Największym wyzwaniem początkowo wydawał mi się azan o piątej nad ranem. Mieszkamy tuż obok meczetu, więc moment porannego wezwania do modlitwy jest tu jak rozpoczęcie koncertu punkowego pod głośnikami. Z tym że nasz muezin śpiewa gorzej niż większość znanych mi punkowych muzyków. Nie było łatwo. Pierwszej nocy myślałam, że nie wytrzymam tutaj tygodnia. Drugiej – obudziłam się, przeszłam kilka razy po pokoju i ze słuchawkami w uszach poszłam spać dalej. Od trzeciej – przesypiam całą noc bez mrugnięcia okiem. Jak dziecko.

* * *

Tutaj słońce zachodzi momentalnie. Gęsty mrok okrywa niewystygłe jeszcze od upału dachy i ulice. Ludzie powoli zbierają się z ganków, na których spędzili bezczynnie ostatnie kilka godzin swojego życia i chowają się w ciasnych wnętrzach swoich domów. Po wieczornej modlitwie pora na tradycyjny serial – połączenie bollywoodzkiego kolorytu z emocjonalnością brazylijskich oper mydlanych, doprawione nutą fantastyki. Drzwi do domów zostają fizycznie zamknięte.
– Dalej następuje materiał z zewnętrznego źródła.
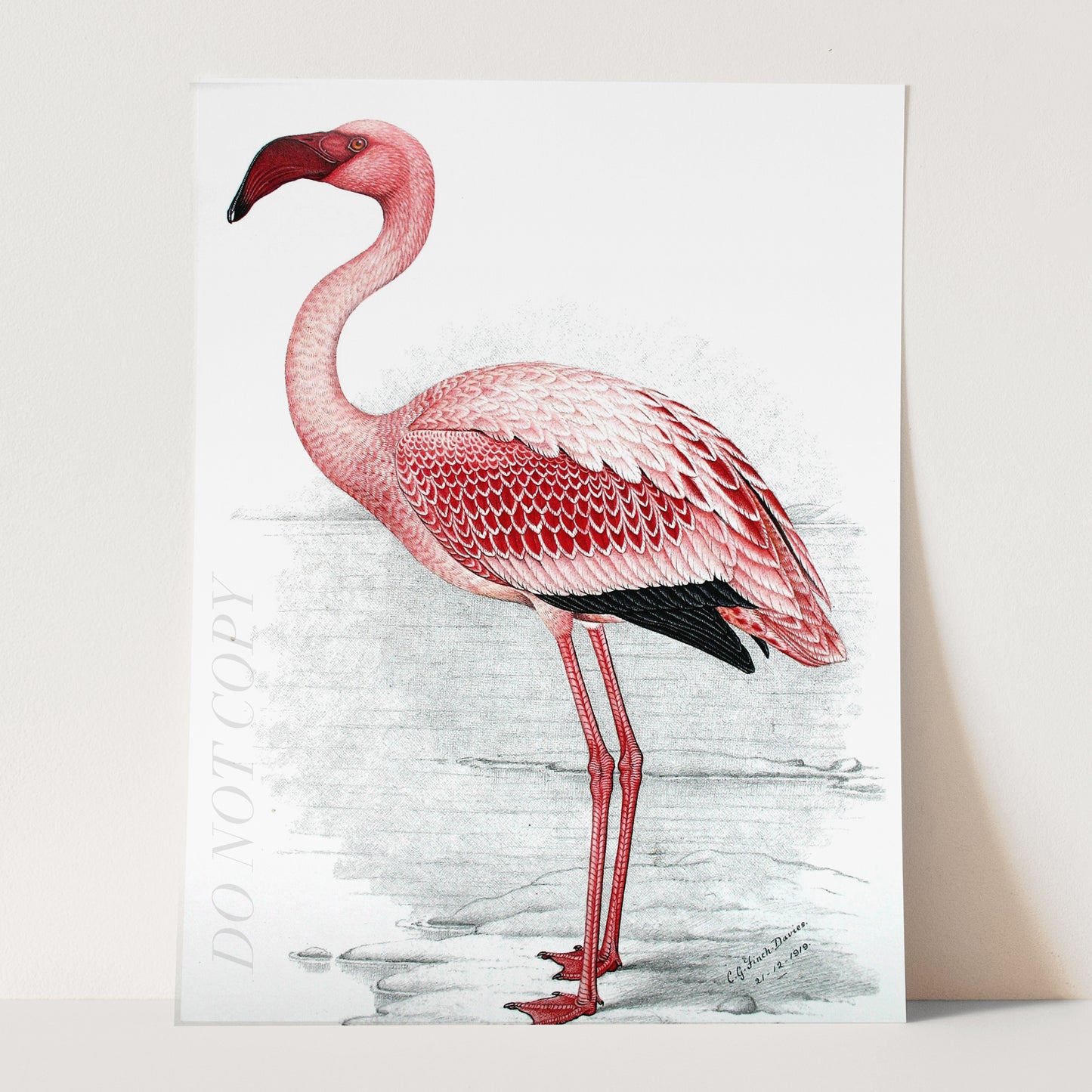 Pink Flamingo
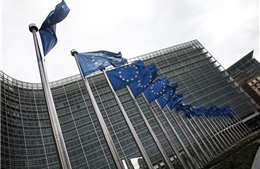 An ninh kinh tế: Kỷ nguyên mới với EU 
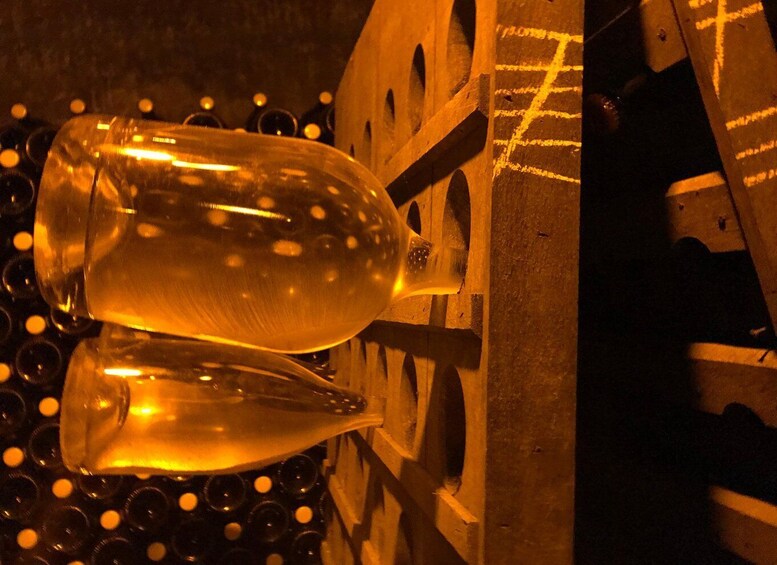 Picture 1 for Activity From Reims/Epernay: Champagne half-day tour (small group)
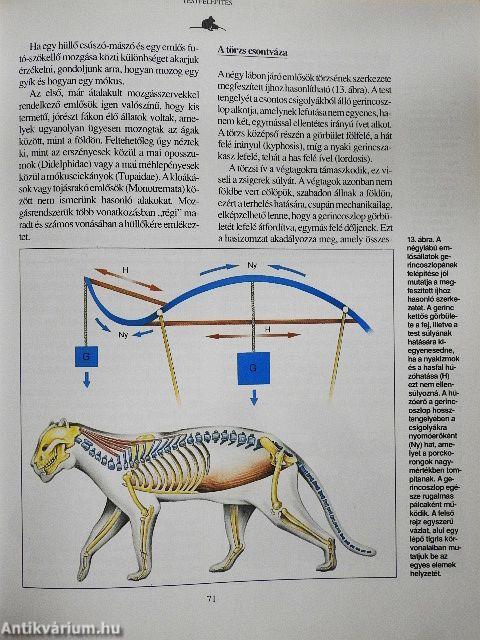 Emlősök enciklopédiája I.
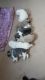 Akita Puppies for sale in New Orleans, LA, USA. price: $120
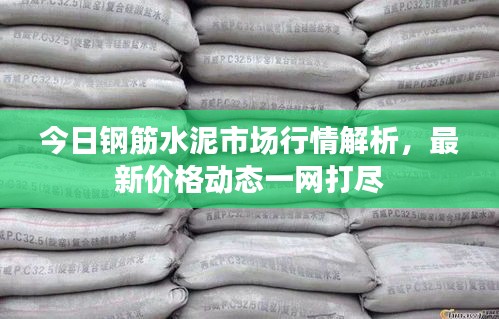 今日钢筋水泥市场行情解析，最新价格动态一网打尽
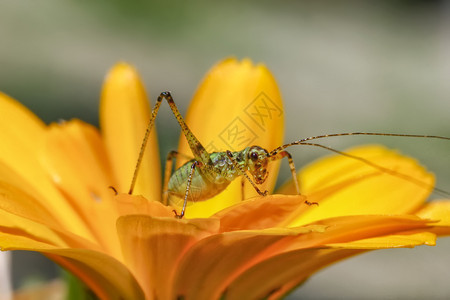 黄花上一只小绿的惊人宏近距离接丰富多彩的春天野生动物图片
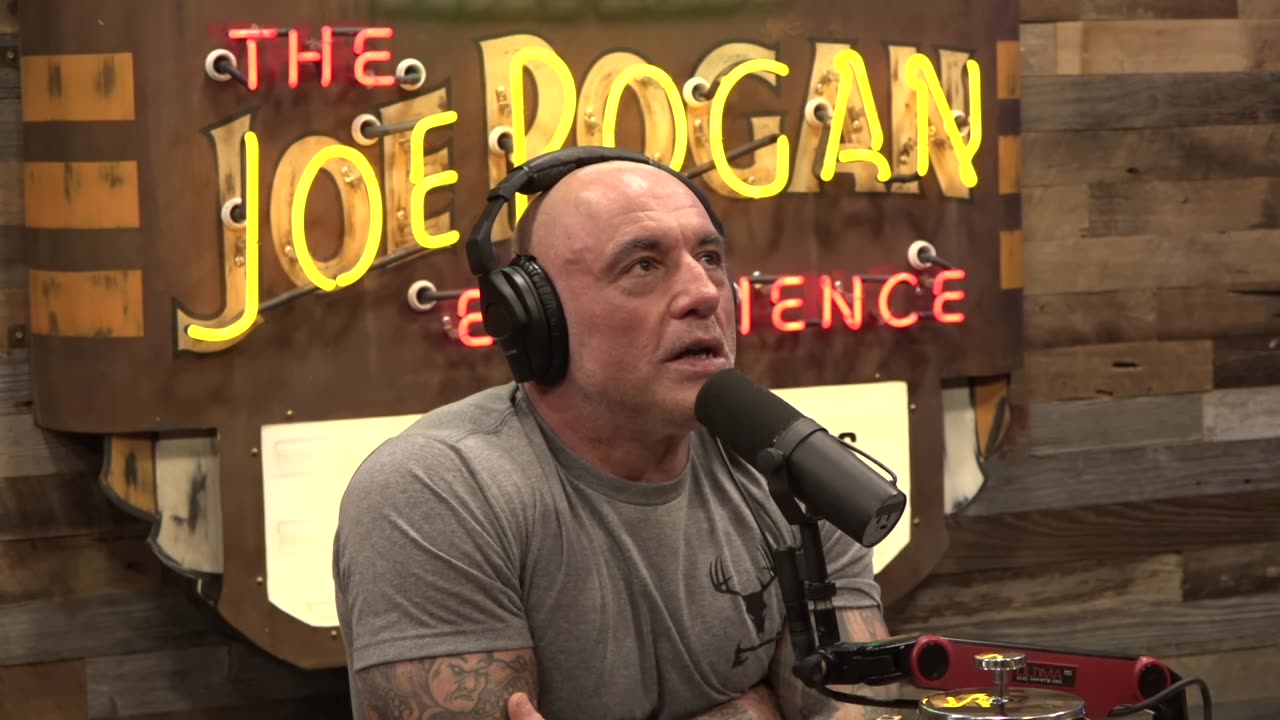 Joe Rogan Experience #2224 - Tim Dillon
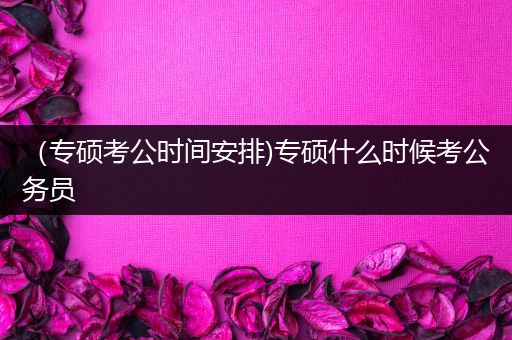 （专硕考公时间安排)专硕什么时候考公务员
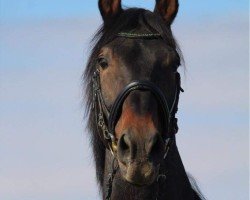 dressage horse Napoleon 503 (Hanoverian, 2000, from Natiello)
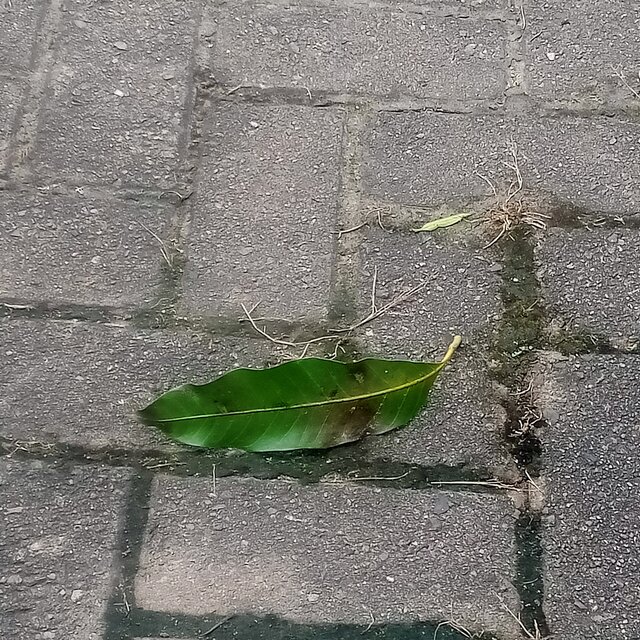 Aku terdiam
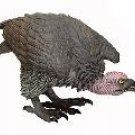 Vulture - Large Foam Crouching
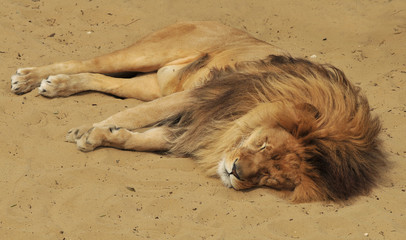 Sieste du lion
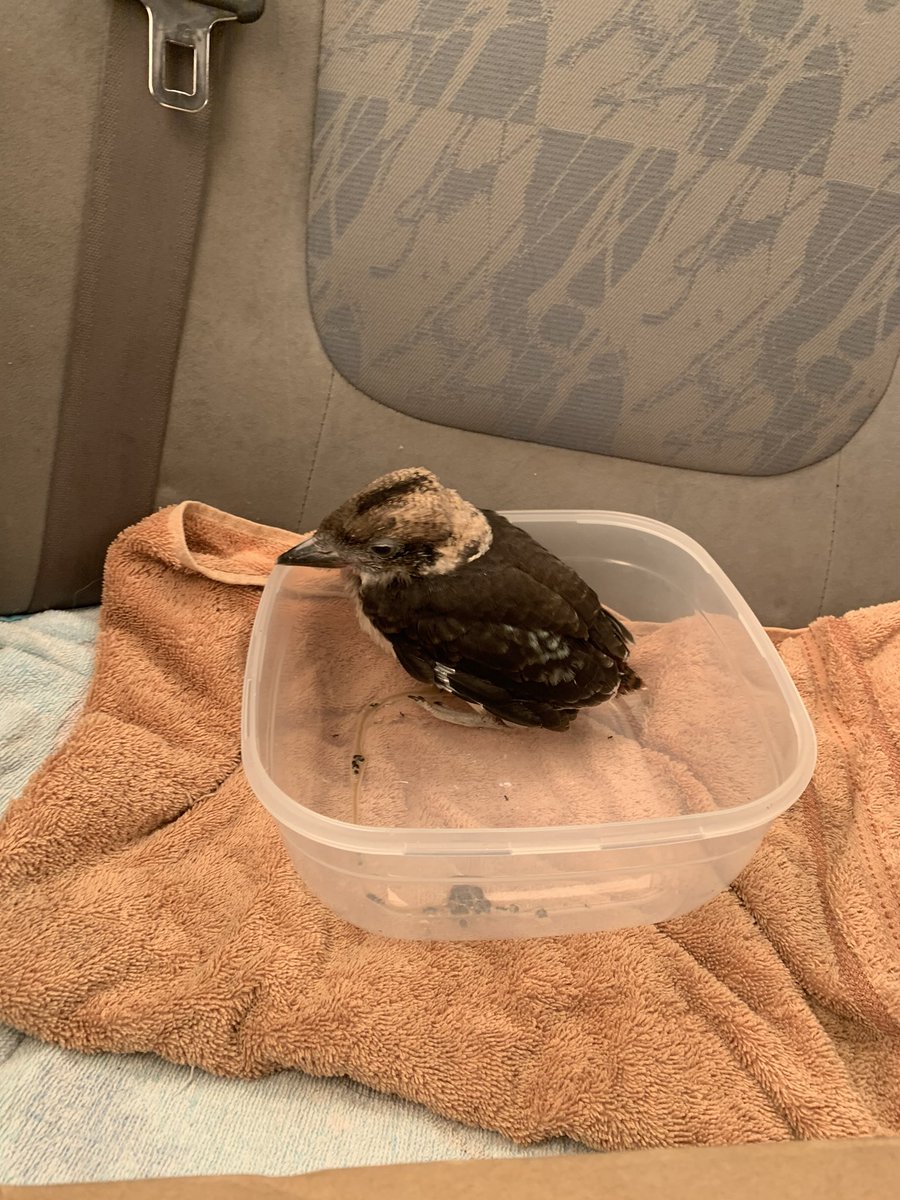 Therealdutrut's tweet photo. Found this baby kookaburra by himself today SAVED! #hero #poorlittlefella vet took him in soon as we picked him up he stopped crying https://t.co/K1w8JZ2F8B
Ale symbolicznie pozostają otwarte przez całą dobę. Do sąsiada można wpaść o każdej porze – żeby się zdrzemnąć, zrobić sobie kolację albo umyć stopy. To tutaj całkowicie naturalne.

* * *

Ciemność zalewa okoliczne pola ryżowe, wzgórza i porastające je zasuszone lasy bananowców. Tylko gdzieniegdzie w wiosce migają jeszcze sznury kolorowych lampek. Takich, jak nasze bożonarodzeniowe. Z tą różnicą, że te na Kalisegoro świecą się zawsze, przez cały rok. Więc jest trochę tak, jakby święta były tutaj codziennie.

wtorek, 11 września 2012

Nigdzie

Pierwsza rzeczą, jaką opanowałam w Indonezji, to zdolność czekania. A początkowo to niełatwe czekać na wszystko i wszystkich, niezależnie od pory dnia, w otoczeniu duszącego równikowego powietrza. Niełatwe zwłaszcza, że najwłaściwszym momentem na zbiórkę jest dla Indonezyjczyków godzina piąta rano. Po porannej modlitwie. I co z tego, że samolot ma wylecieć o trzynastej, a i tak będzie miał kilkugodzinne opóźnienie? Cierpliwość jest cnotą. – Rilax, rilax… – powtarzał Badrus, mój indonezyjski koordynator, gdy zbombardowaliśmy go tysiącem organizacyjnych pytań. Ani przez chwilę nie przestawał się uśmiechać. Tak, Indonezyjczycy są ekstremalnie zrelaksowani. I to właściwie jedyna informacja, jaką uzyskałam od Badrusa. Ale jakże prawdziwa…

* * *

Po dziesięciu godzinach oczekiwania na samolot wreszcie ląduję w Semarangu. To nie koniec mojej podróży, bo mieszkać będę na dalekich przedmieściach. Dalszych już nie ma. To mityczny koniec świata. Miejsce, gdzie nic się nie dzieje, a jednocześnie może wydarzyć się wszystko. Kraina, w której ludzie żyją poza czasem. Lub to raczej czas żyje poza ludźmi. Gdzieś tam sobie płynie gęstym, leniwym strumieniem. Świat żelaznych zasad, których łamanie jest na porządku dziennym. Albo nocnym, bo tutaj pojęcia dnia i nocy są bardzo elastyczne. Jak wszystko, co w jakikolwiek sposób dotyczy czasu. Jedyną rzeczą, która pozwala się w nim odnaleźć, są cykliczne nawoływania muezina do modlitwy. A te słychać wyraźnie z każdego zakątka wioski. Unoszą się ponad palmami, odbijają od ścian maleńkich chatek, wciskają ekspansywnie przez szpary w dachu, by stale przypominać ci, jak daleko od domu się znajdujesz.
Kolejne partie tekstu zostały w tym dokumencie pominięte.